Since Kelly took over as chief of staff, he has been credited with some tentative steps to instill discipline in an entropic White House. But as has been clear since Kelly’s appointment, his greatest challenge is not getting his staff in line but figuring out how to channel the president’s energy and prevent surprises. The incident suggests Kelly hasn’t solved that puzzle yet.

White House Press Secretary Sarah Sanders disputed the Times report, but she did not dispute that Trump’s specific wording was improvised.

“General Kelly and others on the NSC team were well aware of the tone of the statement of the president prior to delivery. The words were his own,” she said. “The tone and strength of the message were discussed beforehand. They were clear the president was going to respond to North Korea’s threats following the sanctions with a strong message in no uncertain terms.”
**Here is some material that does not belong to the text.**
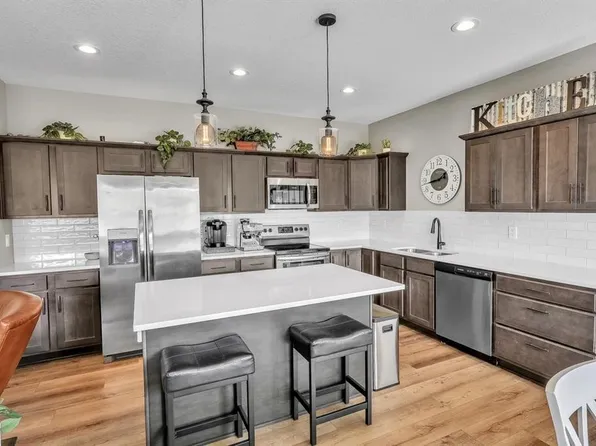 2921 Bos Landen Dr, Pella, IA 50219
Another well-sourced White House reporter, Josh Dawsey of Politico, reported that Trump’s choice of words was not vetted. “Don’t read too much into it,” he was told.

The problem is that in matters of sensitive international relations, everyone reads a lot into everything, so the specific wording does matter. (There’s a reason treaties hang on painful, lengthy negotiations over specific clauses and phrases.) Once you start improvising, you introduce a whole range of risks, and the dangers on the international stage are far worse than being booed off the bandstand. Mishearings can lead to near shooting. International peace is sometimes built on delicate diplomatic fictions that a sloppy or off-the-cuff remark can undermine.

Plus, you’re liable to box yourself in. During the 2016 presidential election, Trump bluntly diagnosed the problem he saw with Barack Obama’s foreign policy: He hadn’t been tough enough. A prime example of this was Obama’s statement that Syrian use of chemical weapons would constitute a “red line.” Once the Assad regime used apparent nerve agents in 2013, and the U.S. failed to act, it hurt American credibility. As Trump put it during the second presidential debate: “Obama draws the line in the sand. It was laughed at all over the world what happened.”

Arguably, however, Obama’s error was talking too tough: If he was unwilling to take action (a defensible stand, if not one with which everyone would agree), then he should not have bluffed. The irony is that Trump has unwittingly, and improvisationally, committed the same error he so clearly diagnosed. He talked tough on Tuesday, drawing a red line that North Korea was sure to cross, and which it then promptly crossed. Now even his own advisers are unwilling to say that he meant what he said—in part because they don’t want to embrace the alternative, which is to contemplate a shooting war with North Korea that might turn nuclear.

This case hardly stands alone. When Trump spoke at a NATO meeting earlier this summer, his advisers expected him to affirm the U.S. commitment to Article 5, the organization’s mutual-defense clause; instead, the president improvised and dropped it, rattling both allies and his own aides. He tried to pick a fight with the mayor of London over terrorism strategy, irritating Britons.

Improvisation is fun and it is quintessentially American—jazz is America’s classical music, right? But in the midst of a sensitive global showdown, sometimes it’s better to stick to the notes on the page.